■ Records for processing:
#####

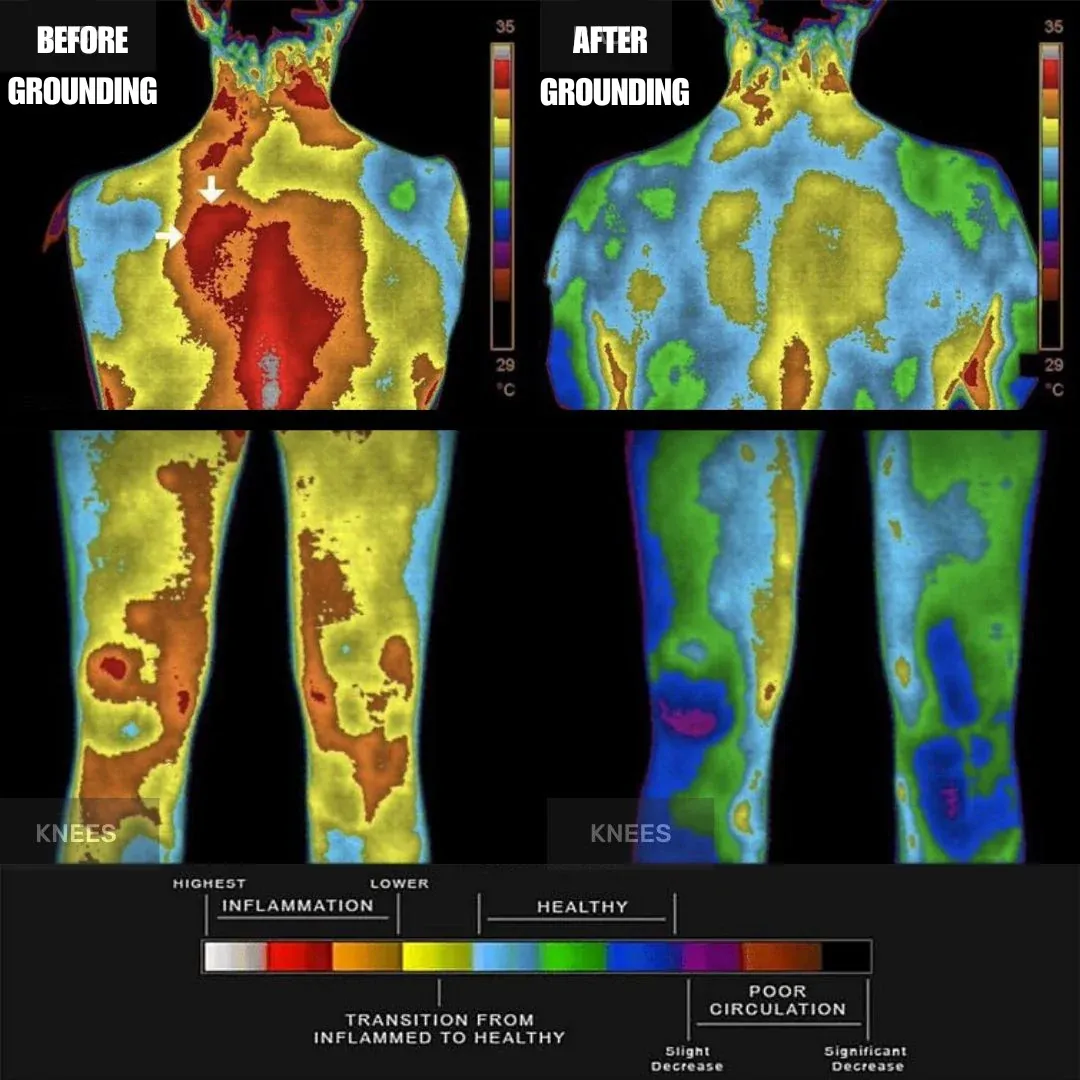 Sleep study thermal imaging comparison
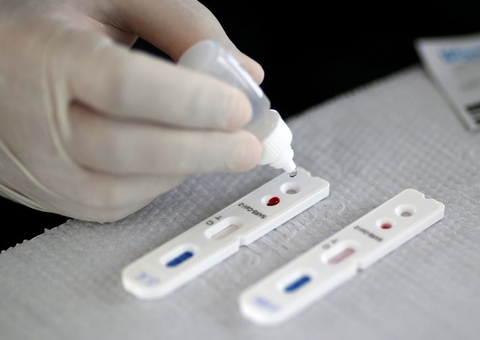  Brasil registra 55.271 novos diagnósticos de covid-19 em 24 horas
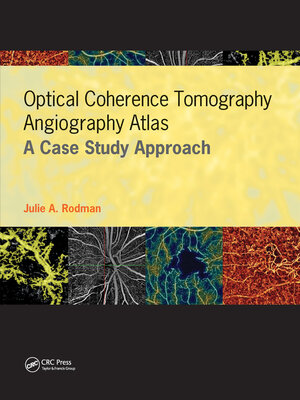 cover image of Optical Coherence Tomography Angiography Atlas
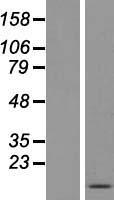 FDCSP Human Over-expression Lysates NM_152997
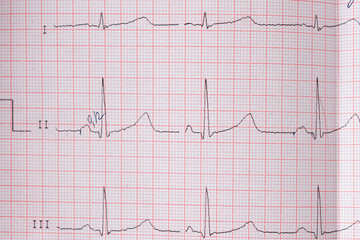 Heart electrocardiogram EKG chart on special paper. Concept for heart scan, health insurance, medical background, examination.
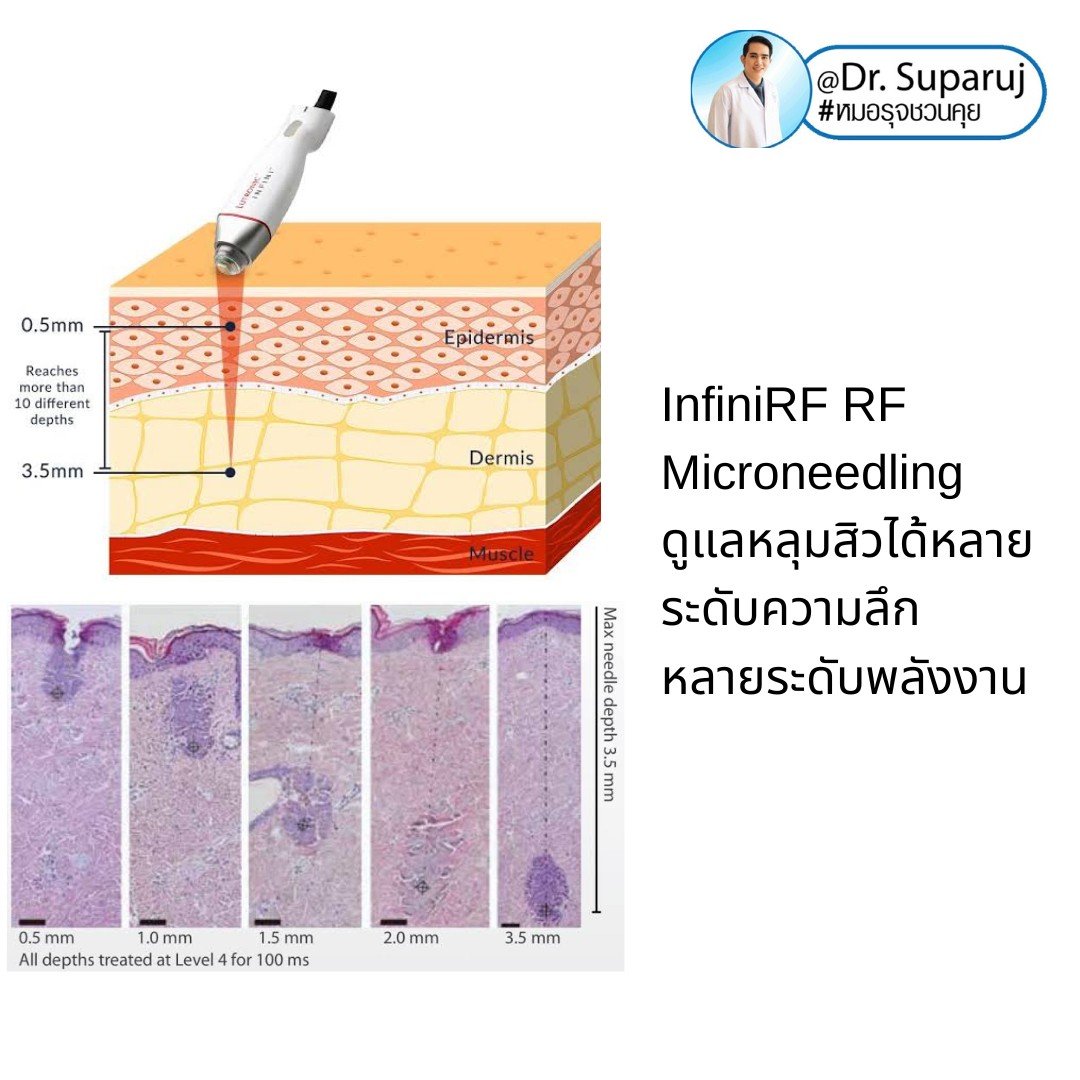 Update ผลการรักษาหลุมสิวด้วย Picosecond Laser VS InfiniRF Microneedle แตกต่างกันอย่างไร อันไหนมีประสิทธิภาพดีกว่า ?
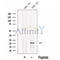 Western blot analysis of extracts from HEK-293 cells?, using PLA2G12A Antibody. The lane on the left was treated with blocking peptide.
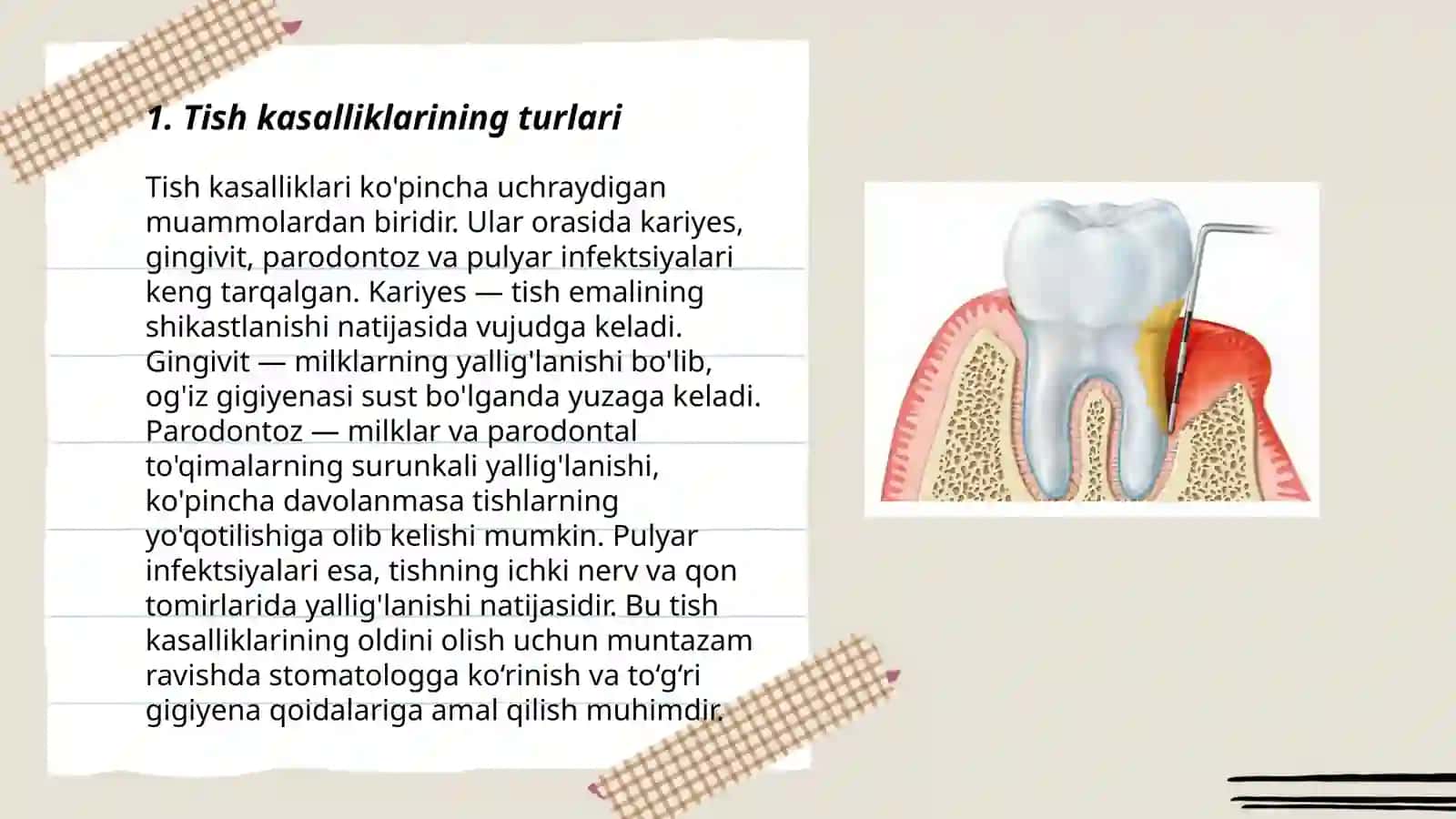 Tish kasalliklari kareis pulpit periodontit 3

#####

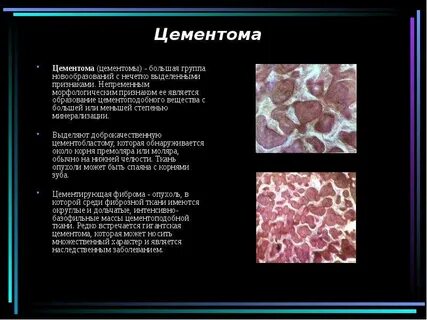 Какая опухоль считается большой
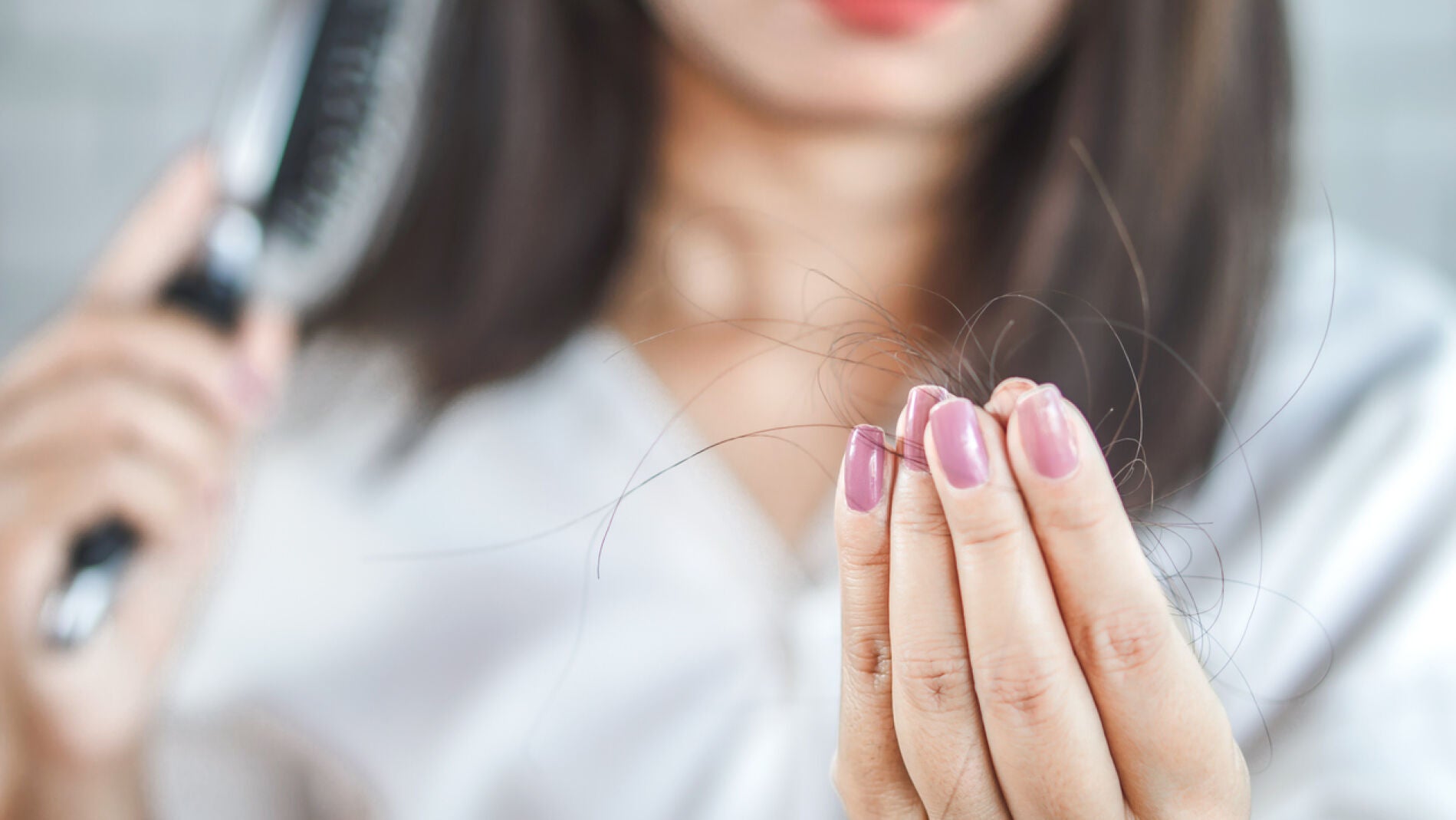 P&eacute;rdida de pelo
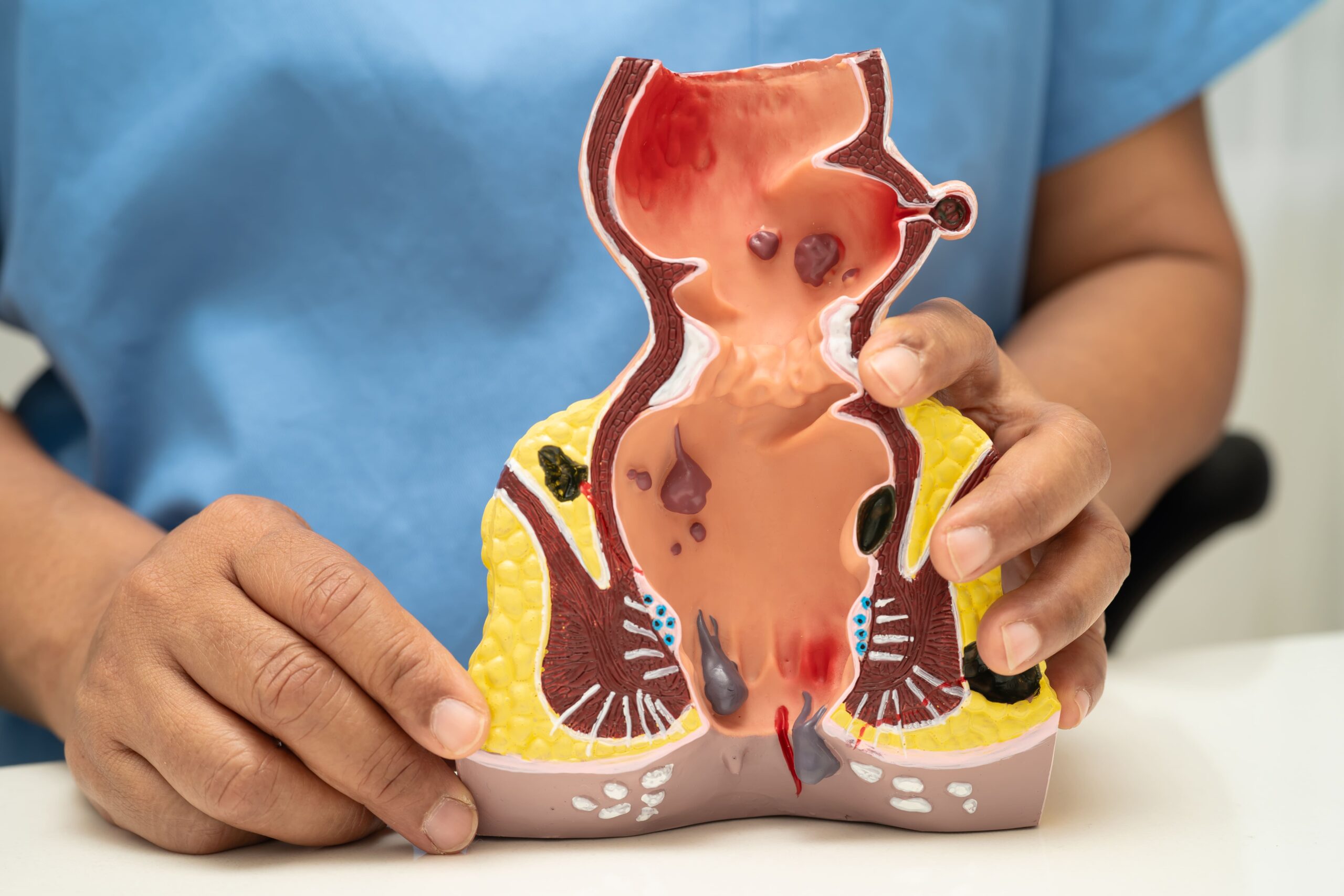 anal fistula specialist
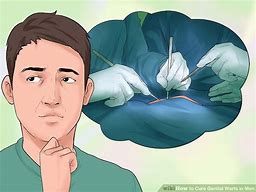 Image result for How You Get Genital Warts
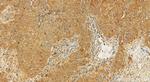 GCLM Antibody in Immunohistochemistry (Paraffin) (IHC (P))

#####

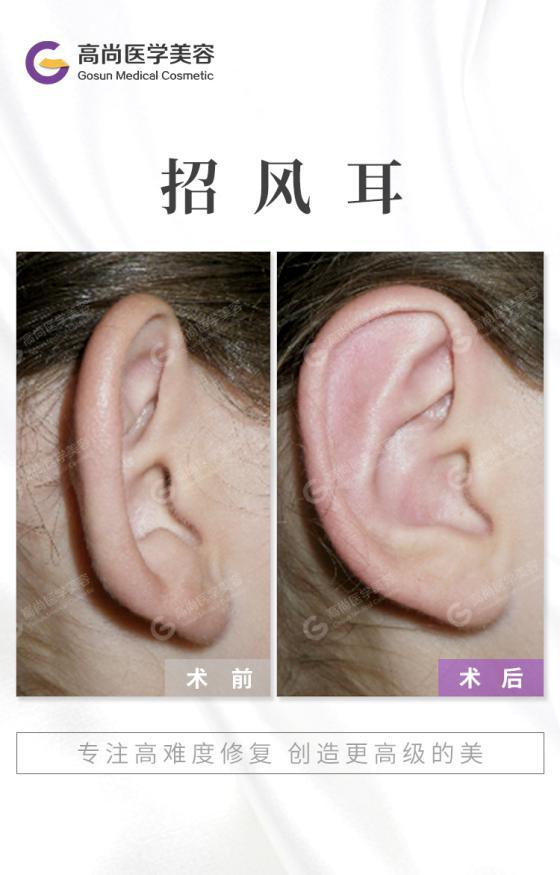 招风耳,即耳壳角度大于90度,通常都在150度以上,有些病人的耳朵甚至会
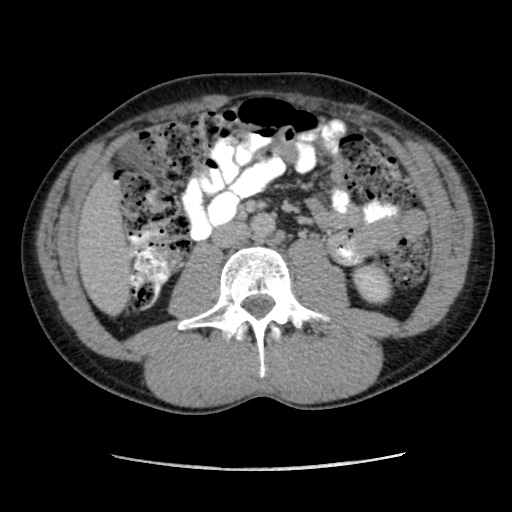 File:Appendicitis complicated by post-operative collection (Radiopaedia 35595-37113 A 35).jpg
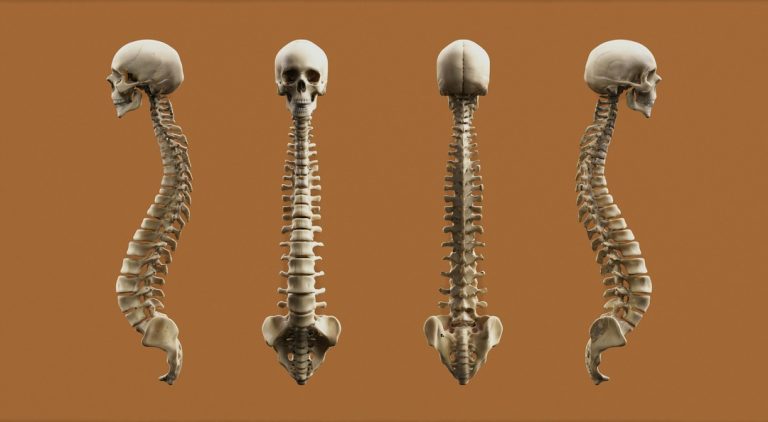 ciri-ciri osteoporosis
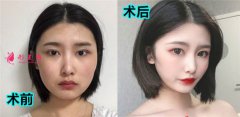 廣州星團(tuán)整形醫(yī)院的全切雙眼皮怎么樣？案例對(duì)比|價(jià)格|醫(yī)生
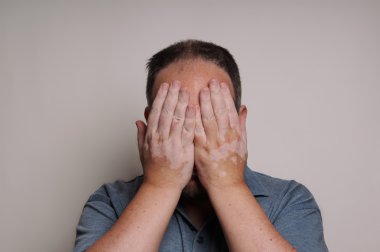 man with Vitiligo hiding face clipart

#####

■ Aim of the exercise: Set the pictures aside and reproduce exactly the lines above, from the line holding "P&eacute;rdida de pelo" through the line holding "GCLM Antibody in", both included, with nothing else.

■ Answer section:
 P&eacute;rdida de pelo
 anal fistula specialist
 Image result for How You Get Genital Warts
 GCLM Antibody in Immunohistochemistry (Paraffin) (IHC (P))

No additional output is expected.